Data extracted from a collection
────────────────────
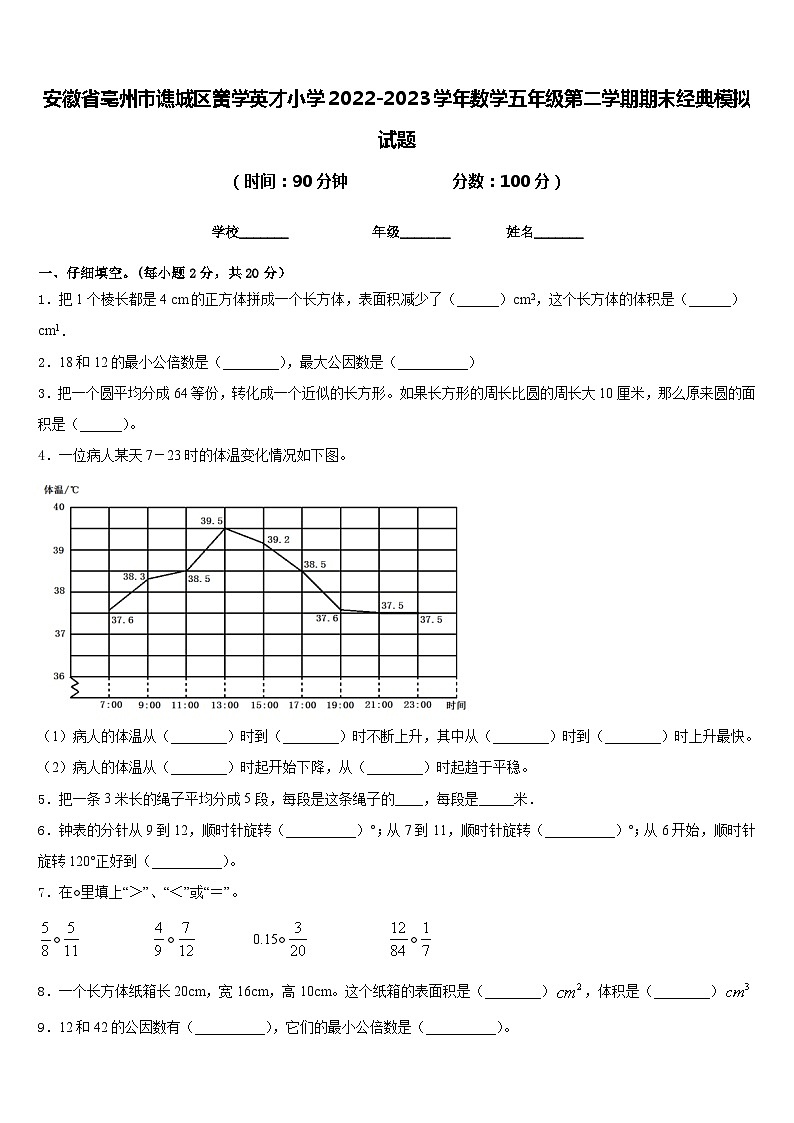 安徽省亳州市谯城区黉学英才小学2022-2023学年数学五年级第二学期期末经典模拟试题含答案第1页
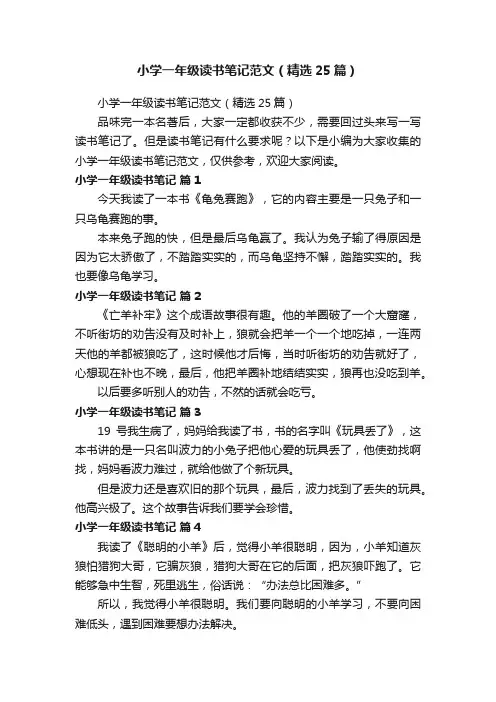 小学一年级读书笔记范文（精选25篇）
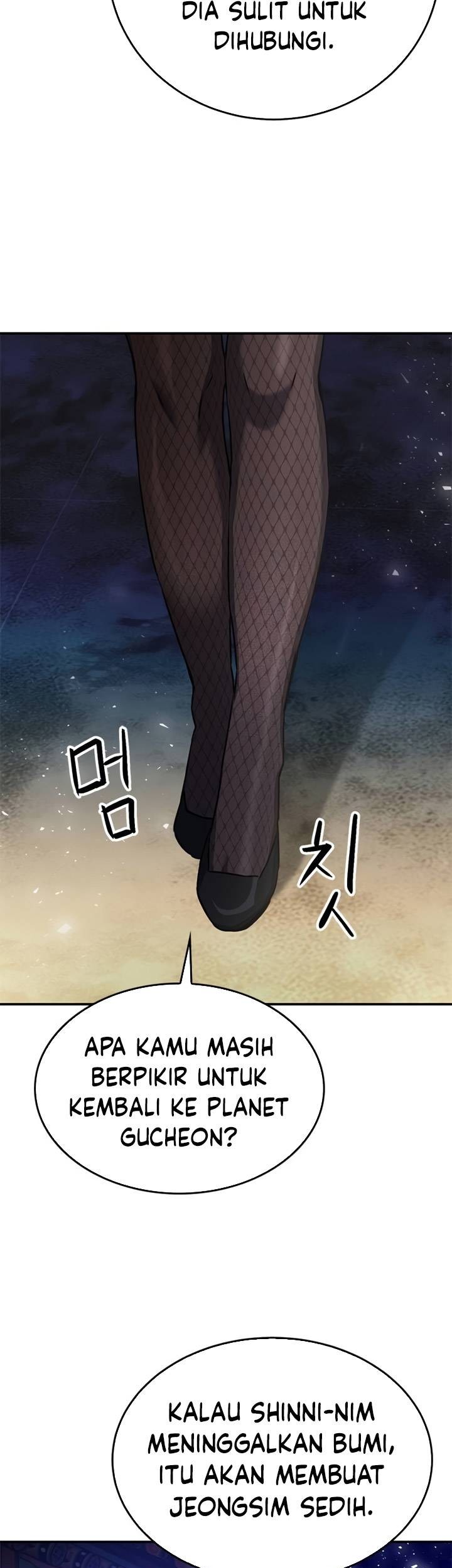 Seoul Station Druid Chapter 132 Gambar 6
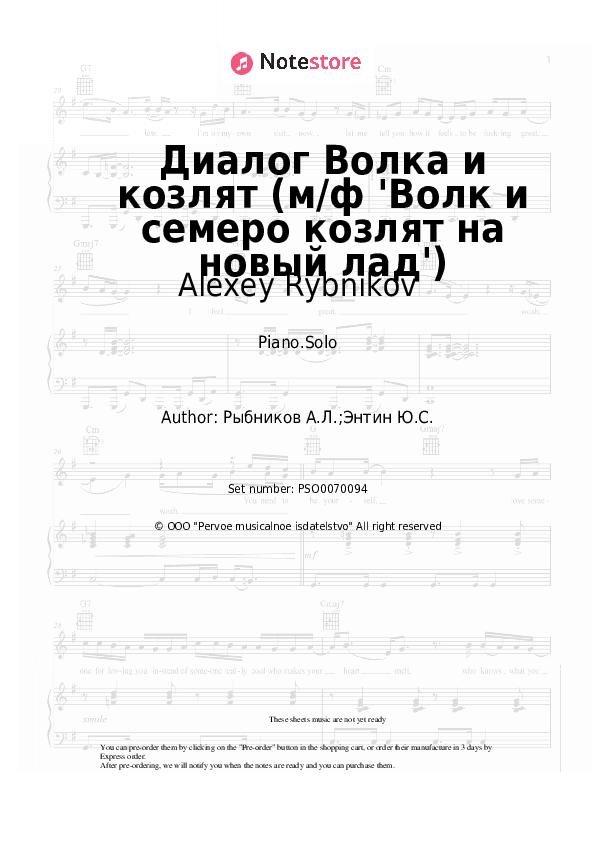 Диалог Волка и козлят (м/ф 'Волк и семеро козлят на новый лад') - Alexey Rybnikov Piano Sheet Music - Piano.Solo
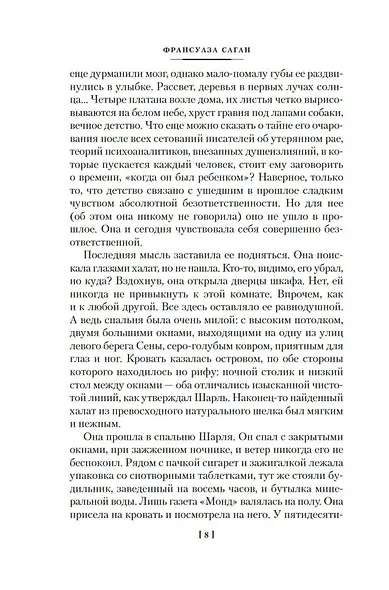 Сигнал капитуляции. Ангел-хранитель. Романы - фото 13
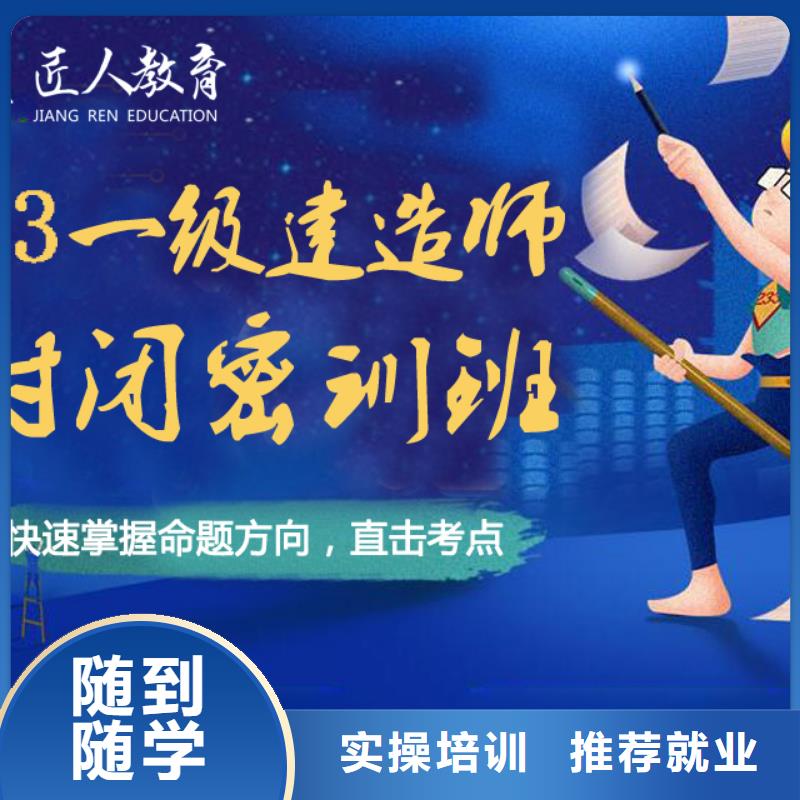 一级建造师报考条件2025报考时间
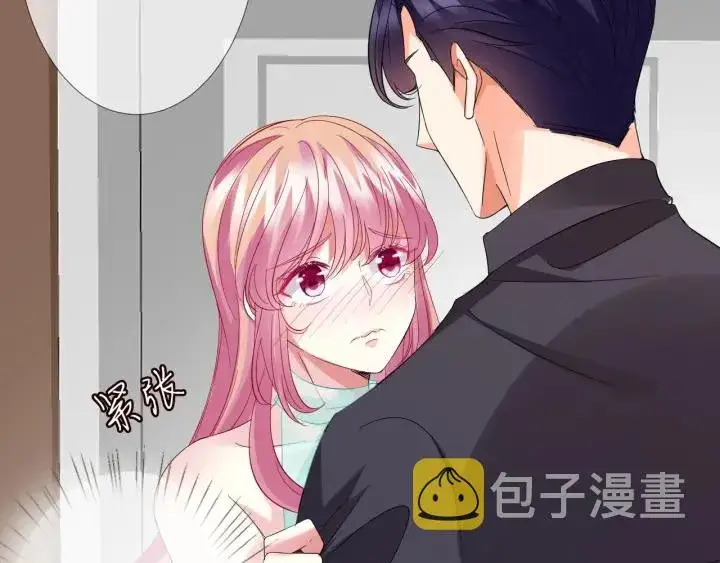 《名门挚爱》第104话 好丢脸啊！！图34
────────────────────
» **PROBLEM STATEMENT**: Lines before the one containing "小学一年级读书笔记范文（精选25篇）" are not wanted; write out that line and every later line through the end of the data above, exactly, without pictures.

» **SOLUTION TO THIS EXERCISE**:
 小学一年级读书笔记范文（精选25篇）
 Seoul Station Druid Chapter 132 Gambar 6
 Диалог Волка и козлят (м/ф 'Волк и семеро козлят на новый лад') - Alexey Rybnikov Piano Sheet Music - Piano.Solo
 Сигнал капитуляции. Ангел-хранитель. Романы - фото 13
 一级建造师报考条件2025报考时间
 《名门挚爱》第104话 好丢脸啊！！图34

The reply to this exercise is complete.